Overall, I believe this PR is self-contained regardless of the pipeline examples.

EDIT: the above text is a little dense. To sum up:

EDIT 2: I did what I mentioned in the second bullet in this branch. If you agree, I will open a new PR once this gets merged (assuming you find these valuable contributions to diffusers-rs :) )

LaurentMazare commented 1 year ago

Thanks for the PR, I just merged it, adding the scale_model_input step in the examples seems sensible so that such scheduler could more easily be used.

mspronesti commented 1 year ago

Sure, I will open a new PR from that other branch then! :)

mspronesti commented 1 year ago

Done (#35) .

sssemil commented 1 year ago

Hi, I'm getting blurry results with this one. I multiplied latents by scheduler.init_noise_sigma() and also added let latent_model_input = scheduler.scale_model_input(latent_model_input, timestep); after let latent_model_input = Tensor::cat(&[&latents, &latents], 0);. Anything else I could be missing? Thanks.

mspronesti commented 1 year ago

Hi @sssemil, try with this main file (comes from the other PR I opened yesterday).

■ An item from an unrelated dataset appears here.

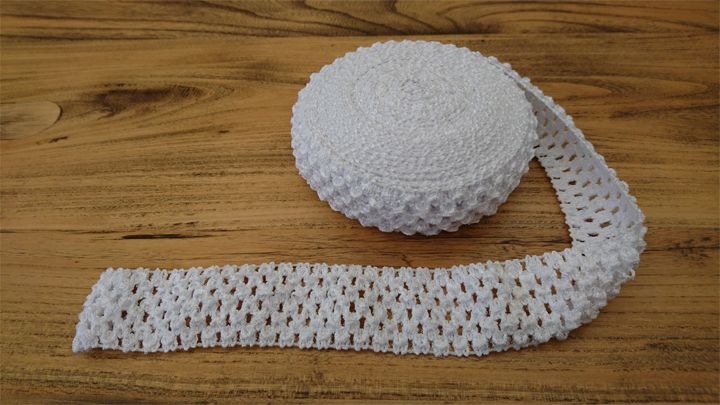 <!-- 019 -->White Crochet Tutu Top Elastic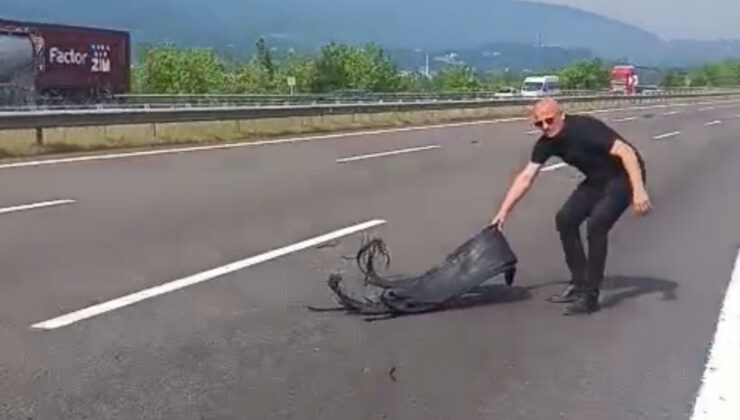 Bolu’da otoyolda kaza olmasın diye plastik modülleri topladı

I just cloned the main branch of this repo again, copy-pasted this main (which simply generalizes the stable diffusion pipeline), changed the scheduler at line 245

let scheduler = EulerDiscreteScheduler::new(n_steps, Default::default());

and run the diffusion pipeline as follows

cargo run --example stable-diffusion --features clap -- --prompt "A very rusty robot holding a fire torch." --sd-version=v1-5 --n-steps=15 --seed=91 --cpu all

this is the output I got:

sd_final

You can check whether the produced image is "appropriate for this scheduler" (compared to the python version) using, for instance, the following python snippet

import torch
from diffusers import StableDiffusionPipeline, EulerDiscreteScheduler

pipe = StableDiffusionPipeline.from_pretrained("runwayml/stable-diffusion-v1-5", torch_dtype=torch.float16)

pipe.scheduler = EulerDiscreteScheduler()

pipe = pipe.to("cuda")
prompt = "A very rusty robot holding a fire torch."
image = pipe(prompt, num_inference_steps=15).images[0]  

Let me know if it also works for you :)

sssemil commented 1 year ago

Ah, I see. Then this is just how this method works :) Euler A. just looks better in general.

mspronesti commented 1 year ago

Yes, in my experience Euler A. works better. Did you give a shot to my implementation of that (see PR open)?